Start of Block

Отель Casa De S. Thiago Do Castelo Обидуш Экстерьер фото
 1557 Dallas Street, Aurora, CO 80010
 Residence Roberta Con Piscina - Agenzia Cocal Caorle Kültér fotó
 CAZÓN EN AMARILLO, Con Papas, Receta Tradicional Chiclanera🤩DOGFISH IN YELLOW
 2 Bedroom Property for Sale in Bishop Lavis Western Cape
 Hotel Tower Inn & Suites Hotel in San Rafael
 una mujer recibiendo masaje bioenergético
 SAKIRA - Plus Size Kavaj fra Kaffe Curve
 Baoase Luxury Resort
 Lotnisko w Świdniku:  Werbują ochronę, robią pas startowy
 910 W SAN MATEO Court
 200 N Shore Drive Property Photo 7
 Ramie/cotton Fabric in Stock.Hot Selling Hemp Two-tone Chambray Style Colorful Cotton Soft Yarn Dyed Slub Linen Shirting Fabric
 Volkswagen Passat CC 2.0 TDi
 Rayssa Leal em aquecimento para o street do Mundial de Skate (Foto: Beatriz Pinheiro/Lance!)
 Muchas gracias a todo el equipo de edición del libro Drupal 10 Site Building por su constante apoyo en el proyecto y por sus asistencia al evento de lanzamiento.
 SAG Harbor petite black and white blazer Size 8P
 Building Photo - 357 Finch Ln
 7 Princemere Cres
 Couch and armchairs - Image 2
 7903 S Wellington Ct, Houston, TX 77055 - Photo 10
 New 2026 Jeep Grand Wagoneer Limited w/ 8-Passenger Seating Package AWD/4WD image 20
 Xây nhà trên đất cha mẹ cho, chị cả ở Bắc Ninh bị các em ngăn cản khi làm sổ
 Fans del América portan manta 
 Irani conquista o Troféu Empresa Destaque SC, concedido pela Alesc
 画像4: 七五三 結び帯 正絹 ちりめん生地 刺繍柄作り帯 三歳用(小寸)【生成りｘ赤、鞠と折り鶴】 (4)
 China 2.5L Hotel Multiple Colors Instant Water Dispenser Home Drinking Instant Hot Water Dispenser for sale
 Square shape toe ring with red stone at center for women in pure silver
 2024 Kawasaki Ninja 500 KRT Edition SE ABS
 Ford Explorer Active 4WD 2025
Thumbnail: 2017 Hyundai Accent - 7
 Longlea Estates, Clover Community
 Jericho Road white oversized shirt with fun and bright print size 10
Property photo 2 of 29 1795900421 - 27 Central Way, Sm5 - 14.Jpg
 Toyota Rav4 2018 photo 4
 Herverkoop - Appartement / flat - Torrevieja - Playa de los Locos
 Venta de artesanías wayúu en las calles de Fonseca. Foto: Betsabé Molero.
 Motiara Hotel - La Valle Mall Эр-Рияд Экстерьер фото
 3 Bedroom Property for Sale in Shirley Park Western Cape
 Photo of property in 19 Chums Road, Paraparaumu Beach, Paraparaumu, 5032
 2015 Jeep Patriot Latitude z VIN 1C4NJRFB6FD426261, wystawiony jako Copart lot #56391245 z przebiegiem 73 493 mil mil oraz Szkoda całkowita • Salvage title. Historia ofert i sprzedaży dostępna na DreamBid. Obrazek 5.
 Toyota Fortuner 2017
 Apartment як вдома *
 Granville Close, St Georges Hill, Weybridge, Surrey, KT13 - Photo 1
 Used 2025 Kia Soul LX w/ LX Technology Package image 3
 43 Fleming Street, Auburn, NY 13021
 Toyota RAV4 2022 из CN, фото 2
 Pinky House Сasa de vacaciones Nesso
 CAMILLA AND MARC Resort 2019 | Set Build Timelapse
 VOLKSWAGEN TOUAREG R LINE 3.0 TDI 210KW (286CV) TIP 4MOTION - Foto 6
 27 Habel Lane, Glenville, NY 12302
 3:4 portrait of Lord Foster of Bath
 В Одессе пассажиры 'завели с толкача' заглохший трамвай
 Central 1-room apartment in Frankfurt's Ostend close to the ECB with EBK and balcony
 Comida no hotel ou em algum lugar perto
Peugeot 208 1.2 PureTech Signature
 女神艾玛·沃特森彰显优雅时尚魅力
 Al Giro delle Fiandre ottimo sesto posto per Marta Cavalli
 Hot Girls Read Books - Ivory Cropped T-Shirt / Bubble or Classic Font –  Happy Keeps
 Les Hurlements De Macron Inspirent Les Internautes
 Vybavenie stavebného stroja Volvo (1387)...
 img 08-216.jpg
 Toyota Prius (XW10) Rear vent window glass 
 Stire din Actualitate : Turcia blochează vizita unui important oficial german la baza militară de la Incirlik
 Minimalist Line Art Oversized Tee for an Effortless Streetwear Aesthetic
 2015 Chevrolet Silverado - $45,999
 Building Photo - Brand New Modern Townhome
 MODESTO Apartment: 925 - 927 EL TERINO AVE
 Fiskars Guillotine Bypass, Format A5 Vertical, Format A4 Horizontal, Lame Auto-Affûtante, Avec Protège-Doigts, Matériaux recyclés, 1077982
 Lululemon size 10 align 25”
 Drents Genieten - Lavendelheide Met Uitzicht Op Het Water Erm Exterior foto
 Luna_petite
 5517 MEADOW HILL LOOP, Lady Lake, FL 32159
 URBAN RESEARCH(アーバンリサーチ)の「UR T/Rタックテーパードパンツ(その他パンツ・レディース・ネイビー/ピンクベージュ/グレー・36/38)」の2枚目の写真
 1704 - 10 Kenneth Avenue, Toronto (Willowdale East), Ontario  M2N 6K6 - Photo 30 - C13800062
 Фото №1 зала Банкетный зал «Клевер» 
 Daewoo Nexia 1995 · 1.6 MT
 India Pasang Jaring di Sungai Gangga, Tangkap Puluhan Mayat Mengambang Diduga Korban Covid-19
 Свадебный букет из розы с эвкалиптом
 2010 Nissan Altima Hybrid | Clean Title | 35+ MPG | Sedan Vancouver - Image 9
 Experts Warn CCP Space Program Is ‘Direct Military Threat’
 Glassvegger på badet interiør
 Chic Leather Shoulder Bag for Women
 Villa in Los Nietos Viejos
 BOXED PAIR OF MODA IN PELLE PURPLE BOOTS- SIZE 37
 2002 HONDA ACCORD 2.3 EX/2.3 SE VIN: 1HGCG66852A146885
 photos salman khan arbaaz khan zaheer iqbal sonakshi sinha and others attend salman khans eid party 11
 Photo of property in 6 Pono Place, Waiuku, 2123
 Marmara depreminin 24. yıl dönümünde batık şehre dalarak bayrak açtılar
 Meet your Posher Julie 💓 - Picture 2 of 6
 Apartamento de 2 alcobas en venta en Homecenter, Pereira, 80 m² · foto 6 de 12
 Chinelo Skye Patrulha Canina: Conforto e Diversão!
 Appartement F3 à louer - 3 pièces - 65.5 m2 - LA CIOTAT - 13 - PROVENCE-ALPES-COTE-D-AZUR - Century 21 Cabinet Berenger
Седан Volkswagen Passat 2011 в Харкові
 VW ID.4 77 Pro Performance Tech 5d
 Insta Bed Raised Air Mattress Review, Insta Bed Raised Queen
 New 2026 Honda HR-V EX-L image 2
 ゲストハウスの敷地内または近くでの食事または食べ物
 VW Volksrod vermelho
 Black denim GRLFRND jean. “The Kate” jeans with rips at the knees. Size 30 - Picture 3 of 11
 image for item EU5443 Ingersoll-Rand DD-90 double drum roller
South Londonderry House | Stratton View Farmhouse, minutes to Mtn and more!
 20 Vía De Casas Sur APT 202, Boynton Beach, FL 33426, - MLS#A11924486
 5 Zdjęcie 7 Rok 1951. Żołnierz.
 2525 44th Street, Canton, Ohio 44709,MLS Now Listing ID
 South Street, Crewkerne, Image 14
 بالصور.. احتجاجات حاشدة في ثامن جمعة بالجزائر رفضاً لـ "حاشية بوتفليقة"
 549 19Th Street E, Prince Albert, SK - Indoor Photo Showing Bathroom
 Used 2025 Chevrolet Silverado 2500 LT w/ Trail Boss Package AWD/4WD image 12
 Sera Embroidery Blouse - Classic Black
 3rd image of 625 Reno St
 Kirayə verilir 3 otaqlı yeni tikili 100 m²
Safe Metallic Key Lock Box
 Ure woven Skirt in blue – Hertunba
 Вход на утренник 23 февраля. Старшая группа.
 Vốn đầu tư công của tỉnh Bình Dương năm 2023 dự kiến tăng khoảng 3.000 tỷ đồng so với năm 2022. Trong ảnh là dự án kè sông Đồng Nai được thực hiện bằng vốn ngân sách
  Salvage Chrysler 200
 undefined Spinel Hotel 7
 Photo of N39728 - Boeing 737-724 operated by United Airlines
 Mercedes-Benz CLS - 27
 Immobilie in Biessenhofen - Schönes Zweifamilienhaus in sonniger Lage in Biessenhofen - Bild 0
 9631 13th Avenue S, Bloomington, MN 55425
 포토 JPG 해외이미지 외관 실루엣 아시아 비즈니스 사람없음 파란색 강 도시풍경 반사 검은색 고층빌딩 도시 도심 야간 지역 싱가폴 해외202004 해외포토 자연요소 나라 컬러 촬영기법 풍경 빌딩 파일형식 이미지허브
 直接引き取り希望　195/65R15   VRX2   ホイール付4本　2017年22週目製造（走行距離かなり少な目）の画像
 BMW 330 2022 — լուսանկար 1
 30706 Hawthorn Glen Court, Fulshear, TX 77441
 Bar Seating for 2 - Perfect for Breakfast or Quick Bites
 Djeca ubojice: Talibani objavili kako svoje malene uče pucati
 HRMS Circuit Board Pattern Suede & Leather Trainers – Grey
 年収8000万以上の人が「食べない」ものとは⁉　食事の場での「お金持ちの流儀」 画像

End of Block

**Task directions:** The answer should hold only the lines from the start of the records above through the line containing "7903 S Wellington", each set down exactly.

**Problem solution:**
Отель Casa De S. Thiago Do Castelo Обидуш Экстерьер фото
 1557 Dallas Street, Aurora, CO 80010
 Residence Roberta Con Piscina - Agenzia Cocal Caorle Kültér fotó
 CAZÓN EN AMARILLO, Con Papas, Receta Tradicional Chiclanera🤩DOGFISH IN YELLOW
 2 Bedroom Property for Sale in Bishop Lavis Western Cape
 Hotel Tower Inn & Suites Hotel in San Rafael
 una mujer recibiendo masaje bioenergético
 SAKIRA - Plus Size Kavaj fra Kaffe Curve
 Baoase Luxury Resort
 Lotnisko w Świdniku:  Werbują ochronę, robią pas startowy
 910 W SAN MATEO Court
 200 N Shore Drive Property Photo 7
 Ramie/cotton Fabric in Stock.Hot Selling Hemp Two-tone Chambray Style Colorful Cotton Soft Yarn Dyed Slub Linen Shirting Fabric
 Volkswagen Passat CC 2.0 TDi
 Rayssa Leal em aquecimento para o street do Mundial de Skate (Foto: Beatriz Pinheiro/Lance!)
 Muchas gracias a todo el equipo de edición del libro Drupal 10 Site Building por su constante apoyo en el proyecto y por sus asistencia al evento de lanzamiento.
 SAG Harbor petite black and white blazer Size 8P
 Building Photo - 357 Finch Ln
 7 Princemere Cres
 Couch and armchairs - Image 2
 7903 S Wellington Ct, Houston, TX 77055 - Photo 10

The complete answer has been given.